== Segment start ==

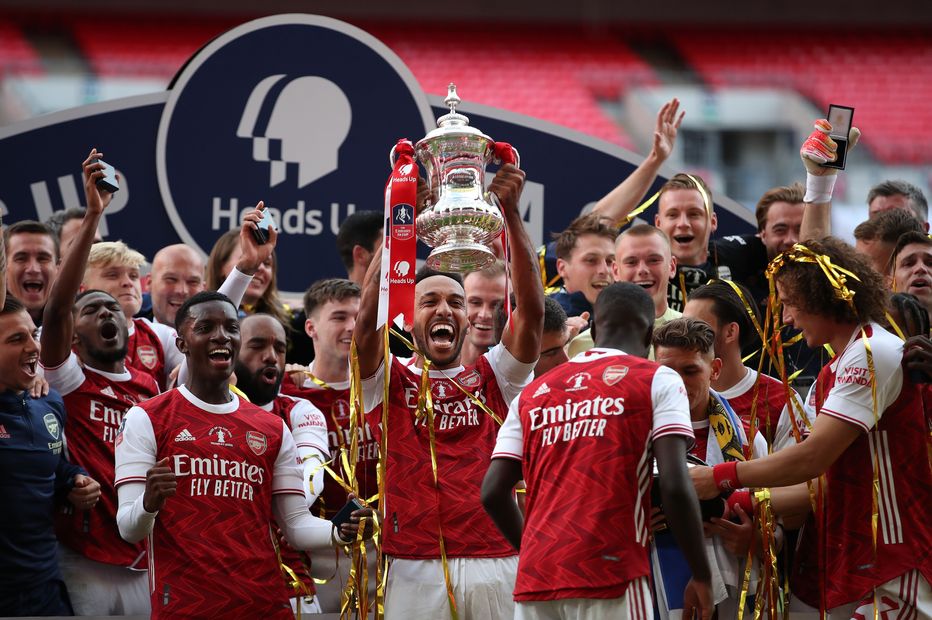 Arsenal wins the FA Cup and secures their place in the next season’s Europa League | FA CUP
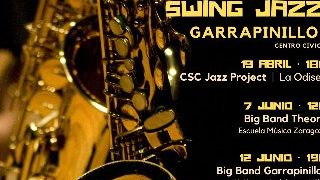 Festival de Swing Jazz de Garrapinillos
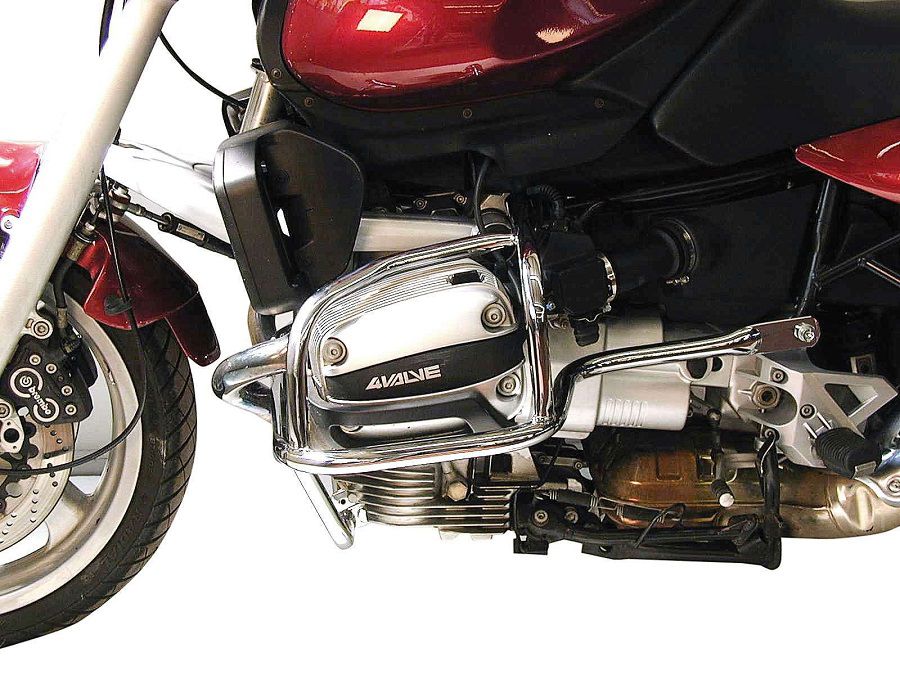 Valbeugel Chroom Hepco&Becker Bmw R850R '94-02 / R1100R '94-99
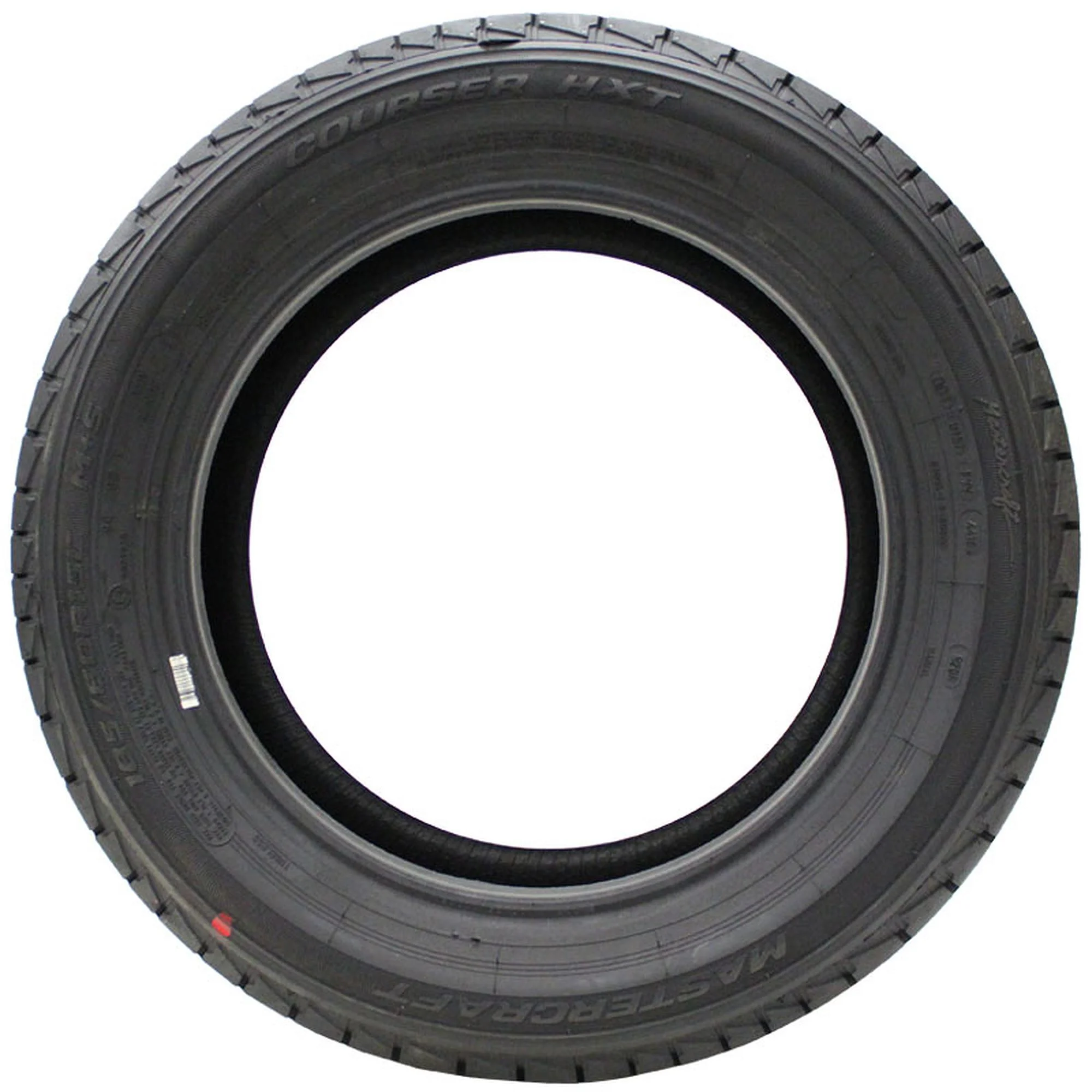 Set of 2 Mastercraft Courser HXT LT245/75R16 120/116R E Tires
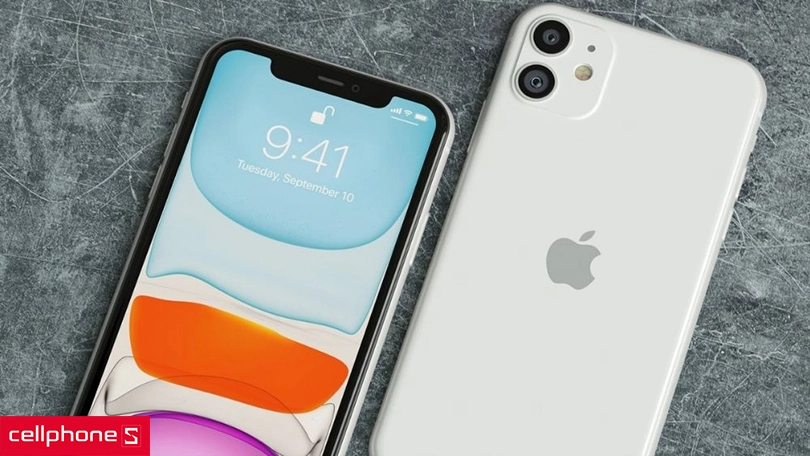 iPhone 11 - Ảnh 2
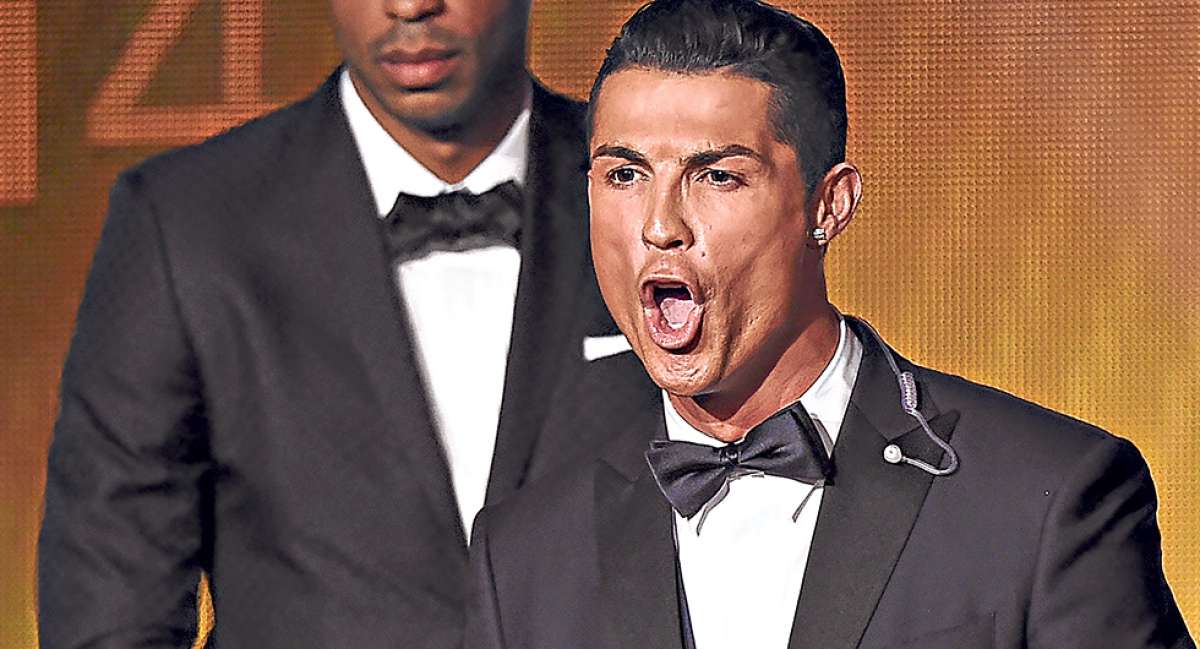 &lsquo;CR7&rsquo;: &ldquo;No me conformo con tener 3 Balones de Oro, quiero alcanzar a Messi&rdquo; (Galer&iacute;a, Infograf&iacute;a y Video)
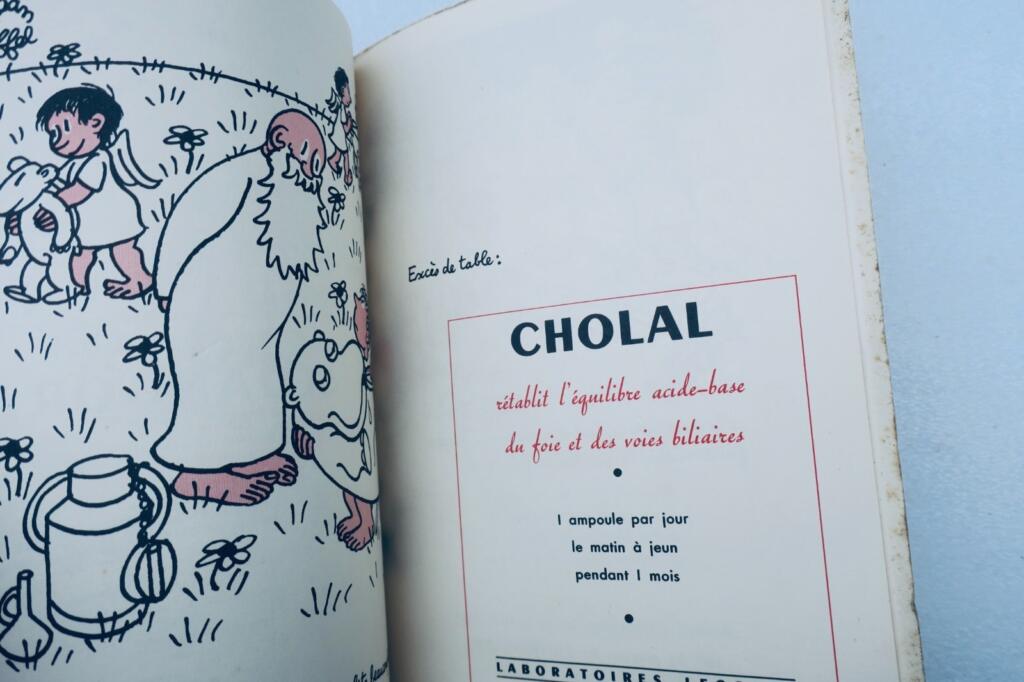 EFFEL (Jean). La Création des animaux 1955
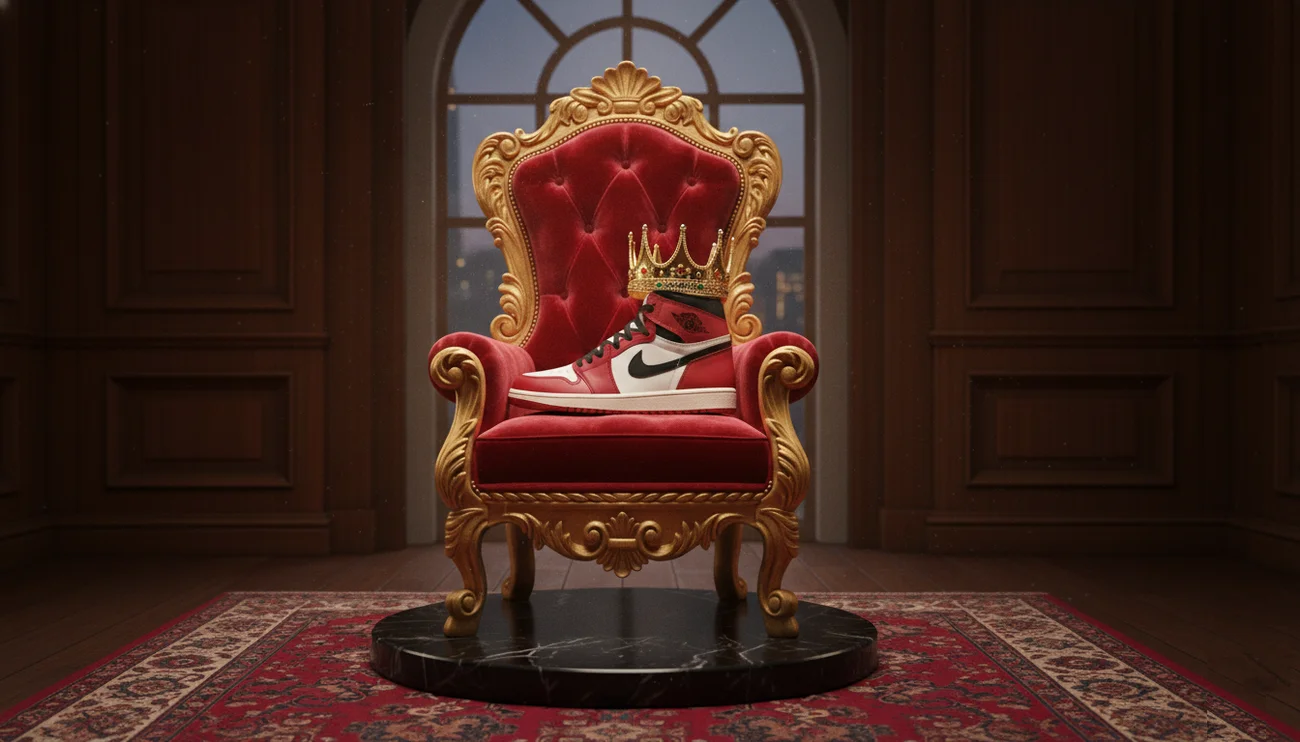 What Is GOAT in Sneakers? Meaning, Origins & Why It Matters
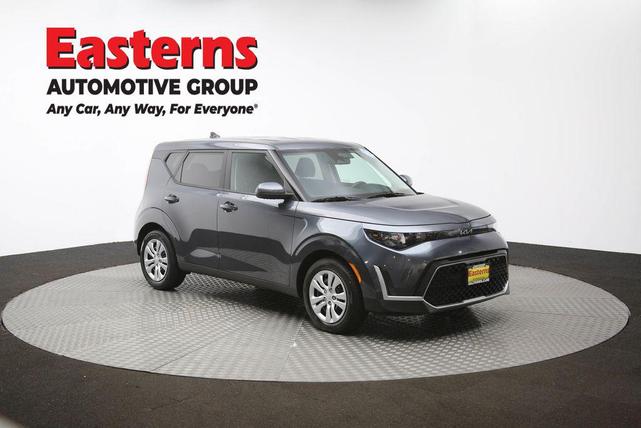 Photo of 2023 Gravity Gray Kia Soul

== Segment end ==

Copy the material exactly as written and leave every picture behind.

 Arsenal wins the FA Cup and secures their place in the next season’s Europa League | FA CUP
 Festival de Swing Jazz de Garrapinillos
 Valbeugel Chroom Hepco&Becker Bmw R850R '94-02 / R1100R '94-99
 Set of 2 Mastercraft Courser HXT LT245/75R16 120/116R E Tires
 iPhone 11 - Ảnh 2
 &lsquo;CR7&rsquo;: &ldquo;No me conformo con tener 3 Balones de Oro, quiero alcanzar a Messi&rdquo; (Galer&iacute;a, Infograf&iacute;a y Video)
 EFFEL (Jean). La Création des animaux 1955
 What Is GOAT in Sneakers? Meaning, Origins & Why It Matters
 Photo of 2023 Gravity Gray Kia Soul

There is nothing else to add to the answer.